Once you reach the line with "SHEIN 年轻男孩休闲舒适百搭可爱毛衣，厚针织适合秋冬季 - 黑與白 - 查看 5", transcribe it and every line after it to the end of the records, exactly, but not the pictures.

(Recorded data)
--

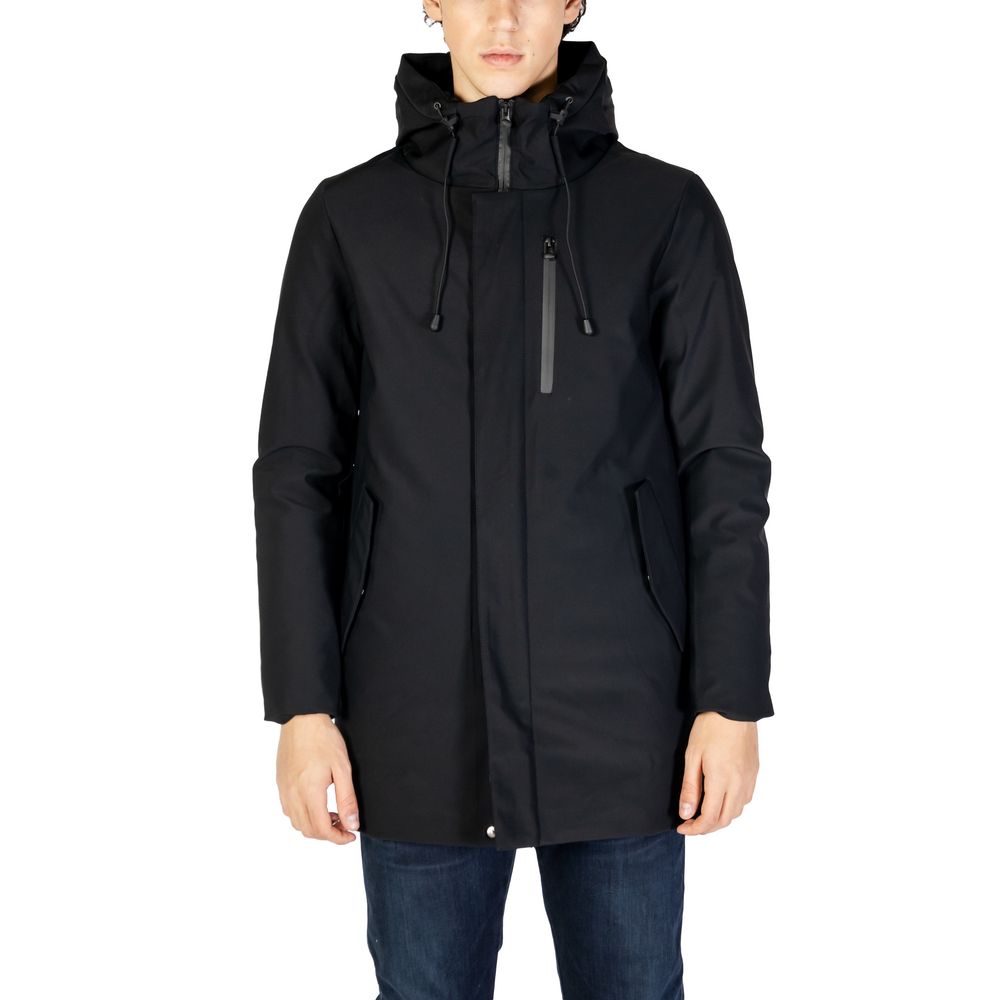 Black Nylon Jackets & Coat - ventzia
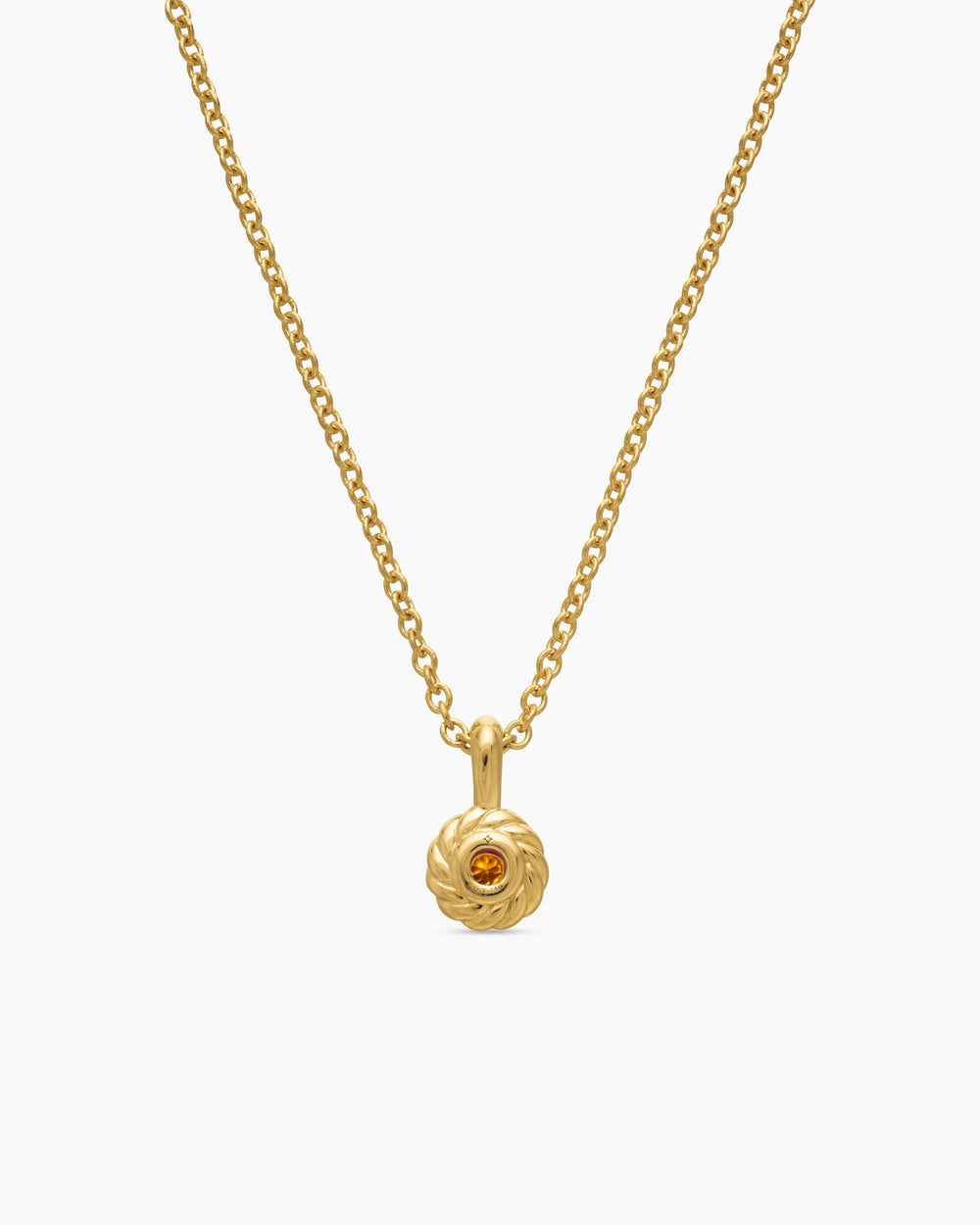 Womens Cable Collectibles® Teen Birthstone Necklace in 18K Yellow Gold with Citrine, 3mm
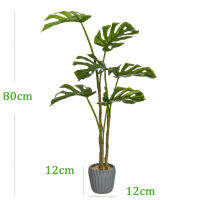 80ซม. Tropical Monstera พืชประดิษฐ์ขนาดใหญ่ Fake Palm Tree Potted ชั้นใบปาล์มสำหรับ Home Garden งานแต่งงาน Office Decor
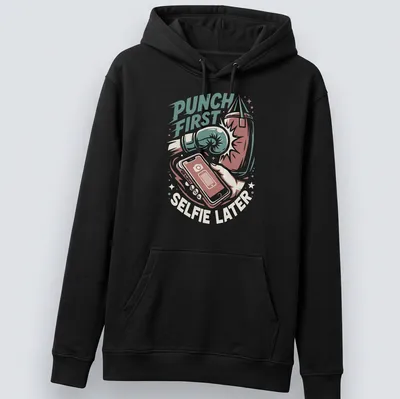 Vintage illustration of boxing gloves with the text Punch First Selfie Later — printed on a unisex hoodie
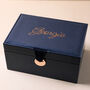 Personalised Navy Two Tier Jewellery Box, thumbnail 1 of 5
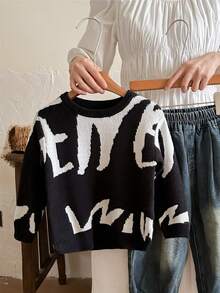 SHEIN 年轻男孩休闲舒适百搭可爱毛衣，厚针织适合秋冬季 - 黑與白 - 查看 5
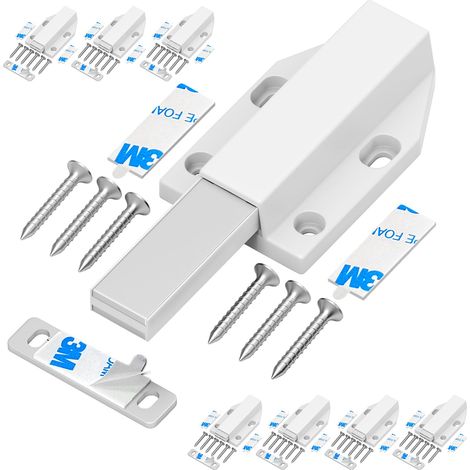 Serrure à Pression Magnétique sans Clous Placard Aimant Fermeture pour Armoire Tiroir Systeme Loquet Magnetique Verrou Poussoir Porte Amortisseur Pour La Porte de Placard Blanc 8 Pièces (1/5)
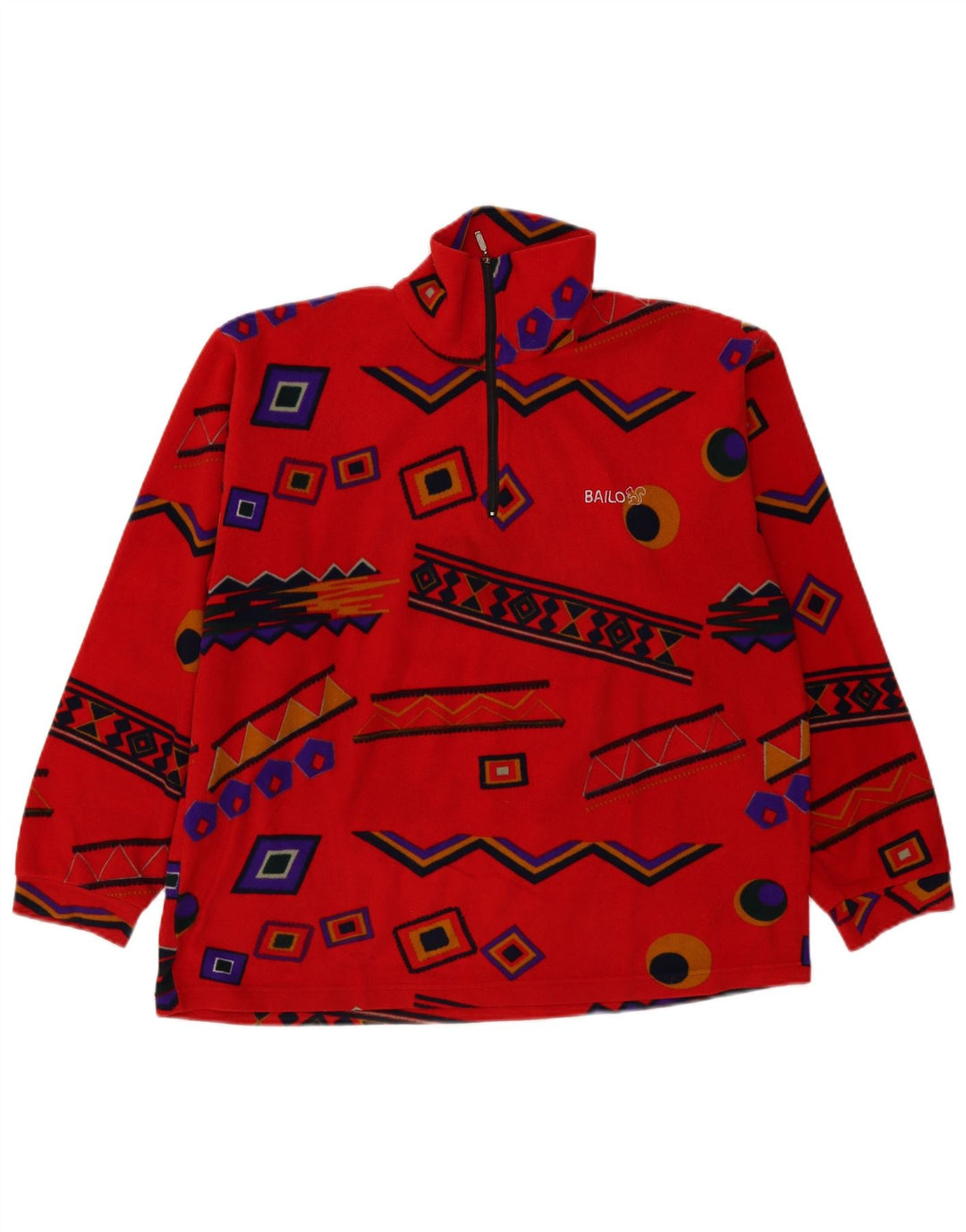 Pulover pentru bărbați Bailo, din lână, cu fermoar, XL, roșu, geometric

--

### Response to the exercise
 SHEIN 年轻男孩休闲舒适百搭可爱毛衣，厚针织适合秋冬季 - 黑與白 - 查看 5
 Serrure à Pression Magnétique sans Clous Placard Aimant Fermeture pour Armoire Tiroir Systeme Loquet Magnetique Verrou Poussoir Porte Amortisseur Pour La Porte de Placard Blanc 8 Pièces (1/5)
 Pulover pentru bărbați Bailo, din lână, cu fermoar, XL, roșu, geometric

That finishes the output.